Accu-weather forecaster joe bastardi resigned from accu-weather.com on monday. NO reasons were given. As soon as i found out i cancelled my accu-weather pro site, JB was accu-weather, he will be sorely missed. Hopefully he comes back with his own weather service, my check will already be in the mail if he does:waving:


----------



## stargazer (Nov 22, 2008)

FISHERBOY;1251503 said:


> Accu-weather forecaster joe bastardi resigned from accu-weather.com on monday. NO reasons were given.


I'm curious, how did you find out?

He should have given notice!


----------



## qualitycut (Jan 13, 2008)

Probably because Accuweather has been horse sh*t with predictions this year and he doesn't want to be a part of it.


----------



## stargazer (Nov 22, 2008)

Accuweather has done very well forecasting for my area. Better than anyone else.


----------



## ddb maine (Dec 4, 2009)

stargazer;1251872 said:


> Accuweather has done very well forecasting for my area. Better than anyone else.




I dont know man.
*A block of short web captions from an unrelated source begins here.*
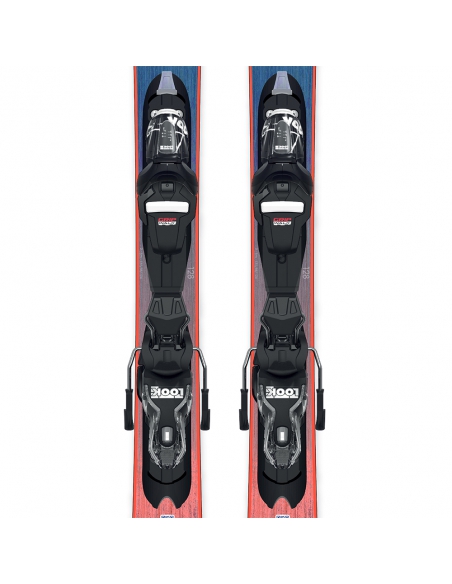 Narty dziecięce Rossignol RALLYBIRD JUNIOR + wiązania Look XPRESS 7 GW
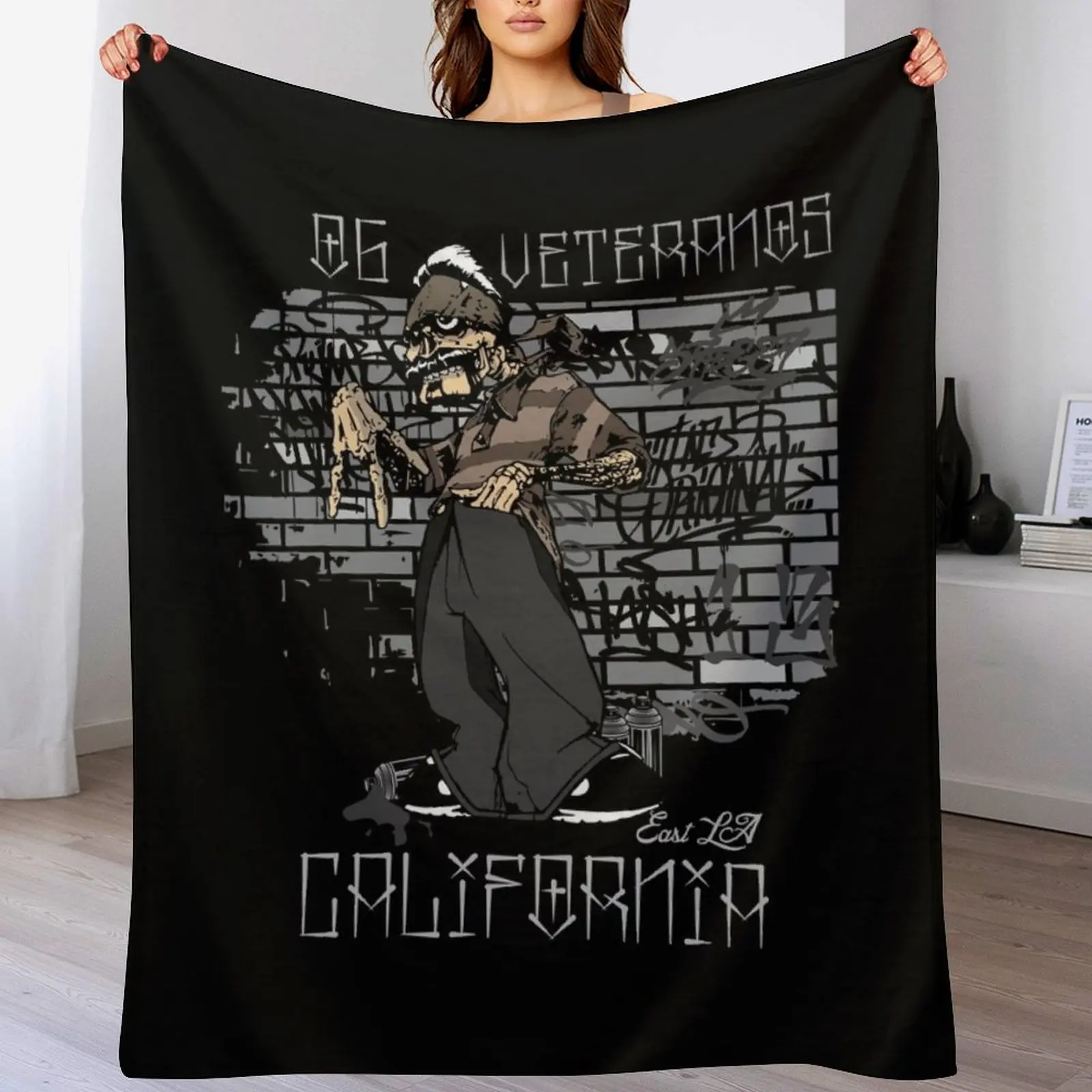 Одеяло OG Veterano Постельное белье Волосатые роскошные дизайнерские одеяла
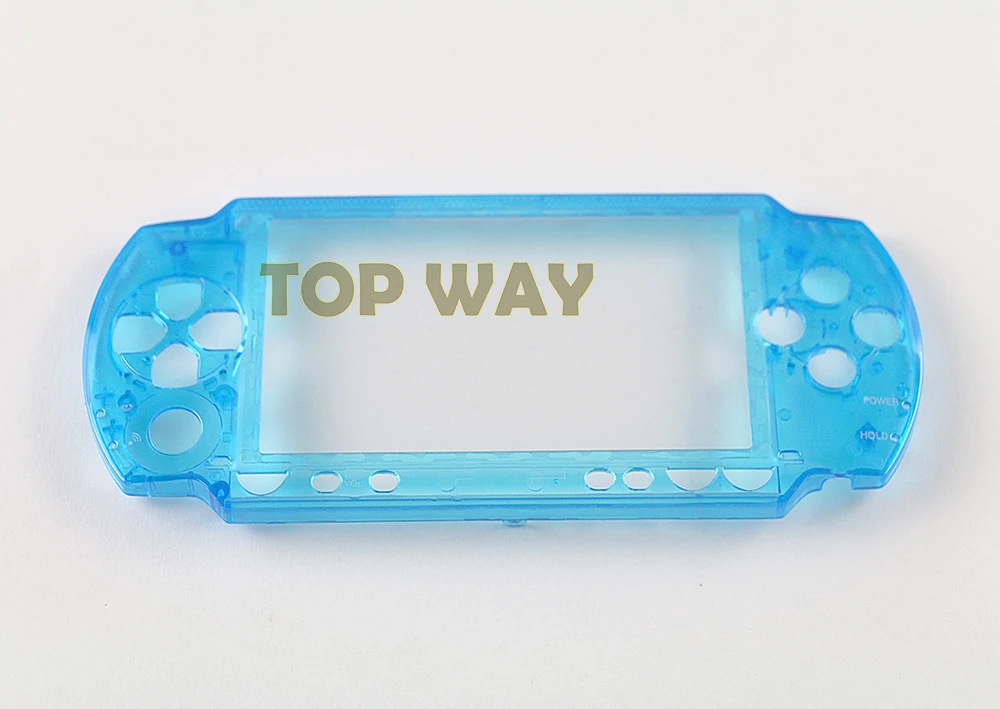 2 шт. новый корпус Передняя Лицевая панель чехол с логотипом для PSP 1000 1000|Запасные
Joe said that Maine was going to have a rough ride thanksgiving-christmas. and that January was going to be quiet... He was completely wrong. I think he resigned and is going to take a shot at predicting something more predictable like sporting events...


----------



## qualitycut (Jan 13, 2008)

stargazer;1251872 said:


> Accuweather has done very well forecasting for my area. Better than anyone else.


They used to good here to but they have not even been close this year are to big storms of 18 + they were low by at least 10 inches


----------